» Activity: Beginning with the line of the entries below that holds "Sunset Avenue For" and ending with the line that holds "celebritas Urbis Romae", transcribe each line exactly as written. Pictures stay out.

» Data for this task:
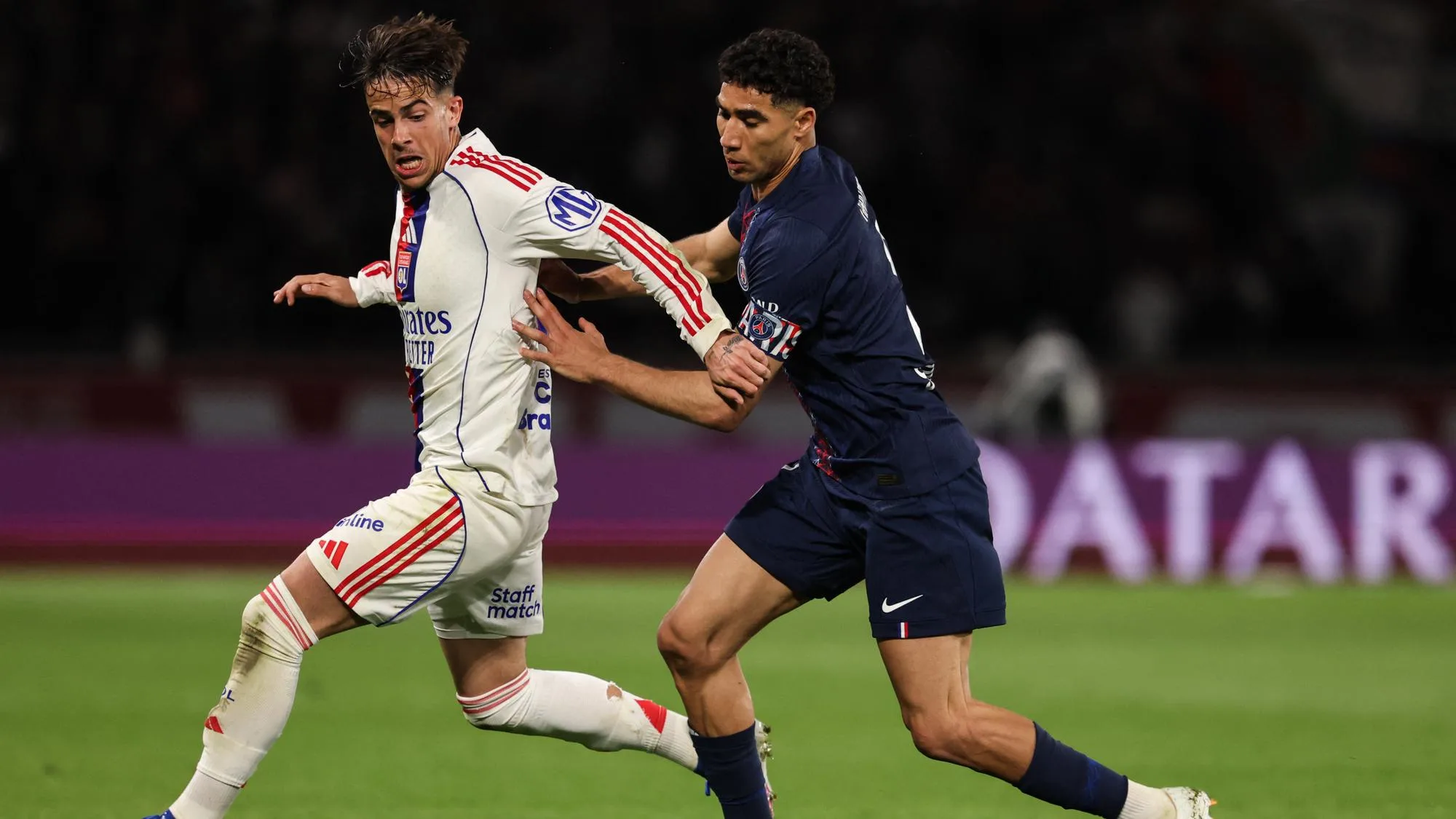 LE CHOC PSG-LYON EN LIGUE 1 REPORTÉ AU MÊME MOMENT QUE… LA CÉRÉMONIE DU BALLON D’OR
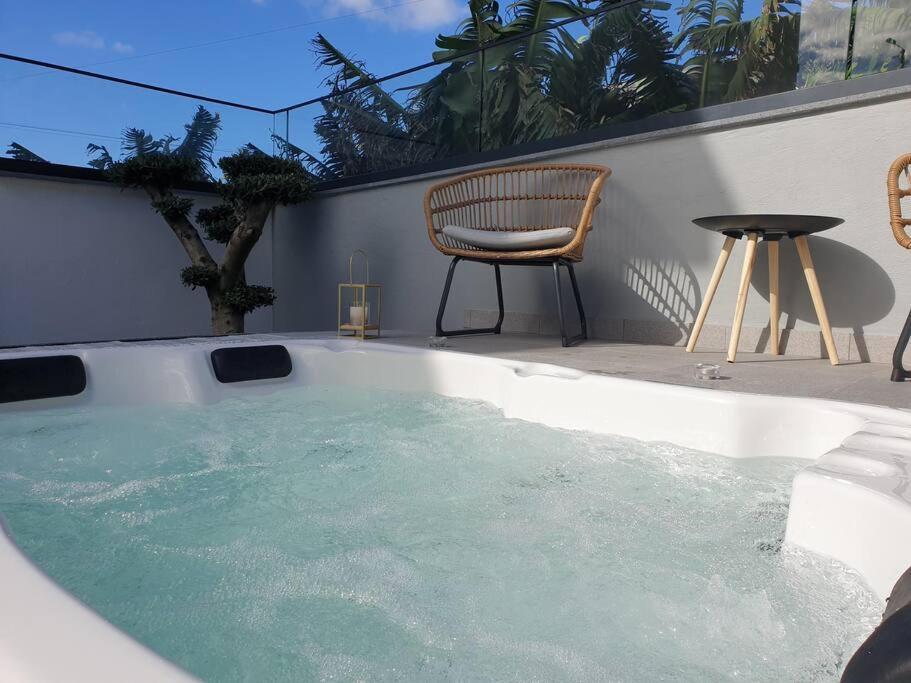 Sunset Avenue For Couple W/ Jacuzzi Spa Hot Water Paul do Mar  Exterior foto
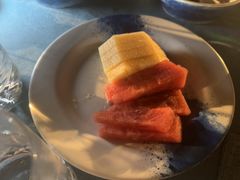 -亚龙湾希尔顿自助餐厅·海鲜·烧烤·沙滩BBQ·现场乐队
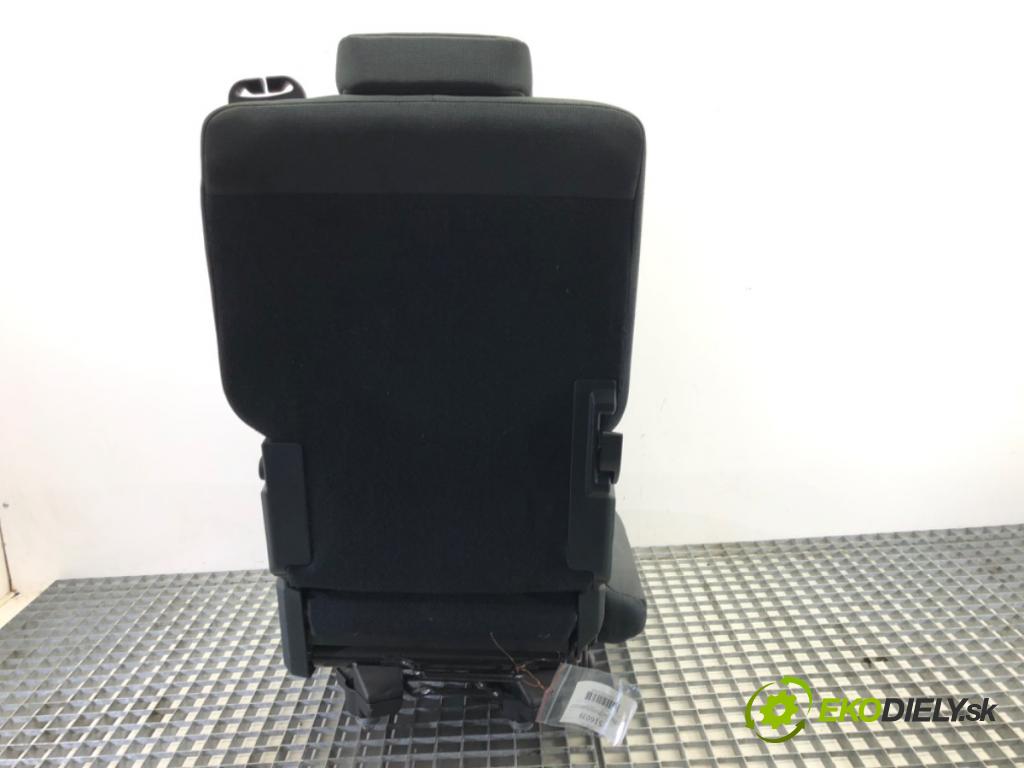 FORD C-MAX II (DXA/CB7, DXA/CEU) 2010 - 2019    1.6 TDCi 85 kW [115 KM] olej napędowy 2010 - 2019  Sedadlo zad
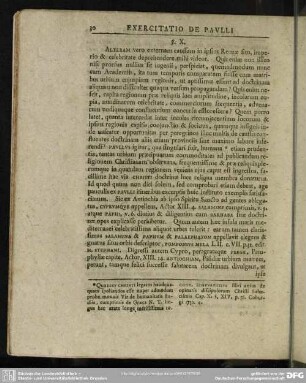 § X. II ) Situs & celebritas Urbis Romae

...

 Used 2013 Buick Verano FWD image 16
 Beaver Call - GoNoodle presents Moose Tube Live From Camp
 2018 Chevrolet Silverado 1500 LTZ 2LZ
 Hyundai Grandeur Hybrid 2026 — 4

» Task output:
 Sunset Avenue For Couple W/ Jacuzzi Spa Hot Water Paul do Mar  Exterior foto
 -亚龙湾希尔顿自助餐厅·海鲜·烧烤·沙滩BBQ·现场乐队
 FORD C-MAX II (DXA/CB7, DXA/CEU) 2010 - 2019    1.6 TDCi 85 kW [115 KM] olej napędowy 2010 - 2019  Sedadlo zad
 § X. II ) Situs & celebritas Urbis Romae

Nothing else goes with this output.